Fred Page April 10, 2006 3:39 PM

This would also be marginally better either if one needed to select 4 kittens out of 5 (1 in 126), or if the request was “all” (as opposed to 3), and the number of kittens (1-9) was fairly random.

One could also do a “Keno”-type solution – if you have, say 80 images, 20 of which are kittens, having a user select say, 17 (i.e. not all) would give fairly good assurance that either there was a Kitten-recognizer (like a human) on the other end, or someone had found a successful attack.

Eric April 10, 2006 3:44 PM

Well the problem with this technique is that they’ll likely have a finite set of cat pictures. Before too long, anyone (or robot) visiting the site will have seen them all.

With traditional CAPTCHAs you have an incredibly large number of permuted words, and the distortions themselves were probably governed by real-valued parameters that produced even mroe degrees of freedom.

Perhaps some distortions would be possible with kitten photos, but I suspect that one might not be able to get away with the same degree of variability.

@Kelly, I know that technique was reported, but it may have been theoretical. I don’t think anyone’s found it implemented.

@Sencer, you’re confusing a password scheme with a robot-filtering scheme.

pfig April 10, 2006 4:07 PM

why limit the photos you have to x? get 6 photos off of flickr tagged with animal but not tagged with kitten, get 3 tagged with kitten. adjust the numbers as you please. otp kittenauth.

josh April 10, 2006 4:15 PM

I like it, but my eyesight is bad and the sun is shining in my window. I had a great deal of difficulty with this test until I pulled down the blinds. Had the guy been selling something, I might of moved on to another vendor. Life is tought.

Ian April 10, 2006 4:20 PM

@Fred Page

I’m no statistics expert, but I’m reasonably certain there are only 5 combinations that involve selecting 4 out of 5 pictures, as long as order doesn’t matter. Look at it another way: Pick the 1 pic that ISN’T a kitten.

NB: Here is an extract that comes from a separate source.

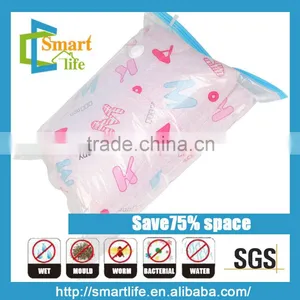 Home Storage Vacuum Bag for Vacuum Sealer thumbnail-1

Fred Page April 10, 2006 4:24 PM


Short answer: It won’t.

The image is too small, there are too few objects that most humans will gravitate towards, there are too few clicks, it scales poorly, and worst of all, the “obfuscation” works for the attacker. Even giving it unreasonable benefits of the doubt, I’m finding the given implementation worse than a 10-character random password where you limit your alphabet to 62 characters (Ex: A-Z,a-z,0-9).

If you want a long answer, post the question on a discussion of passwords.

bpo April 10, 2006 4:26 PM

Since exhaustion of the kittenspace and fast advances in the realm of Kitten Assertion Technology are real worries here, I would suggest a slight modification of the system. Instead of kittens, subjects should be asked to pick out a series of images that are “cute”, allowing for a small margin of error (I would suggest +/- 1 for small sets) for personal taste.

Jeremy April 10, 2006 4:39 PM

What if it tied in to flickr?

I don’t want to go too Web 2.0, but using tags to choose images, flickr would be a pretty effective image database to pull from. Of course, flickr might not like that, and it wouldn’t scale well (zillions of users or whatever.)

Jeremy Dunck April 10, 2006 4:50 PM

@Other Jeremy:
This is one of the millions of project ideas in my list.

Pointers and previous permission:

Use creative commons search to avoid copyright issues.

It was down w/ bugs, but it’s back:

———- Forwarded message ———-
From: Flickr Support
Date: Thu, 10 Mar 2005 16:16:10 -0800 (PST)
Subject: [Flickr Case 5679] Re: CAPTCHA? harvesting images?

Hi jdunck,

If you’re just displaying images from Flickr in another
site, that’s ok, as long as you use only images with CC
licenses that permit this and link every photo back to



Rich April 10, 2006 4:56 PM

I can see a business for a captcha web service. You request a captcha, and get back a question/answer. Behind it would be a large DB of ‘easy’ questions, like “yellow and blue make ?” Being all text, it would be accessible to screen readers.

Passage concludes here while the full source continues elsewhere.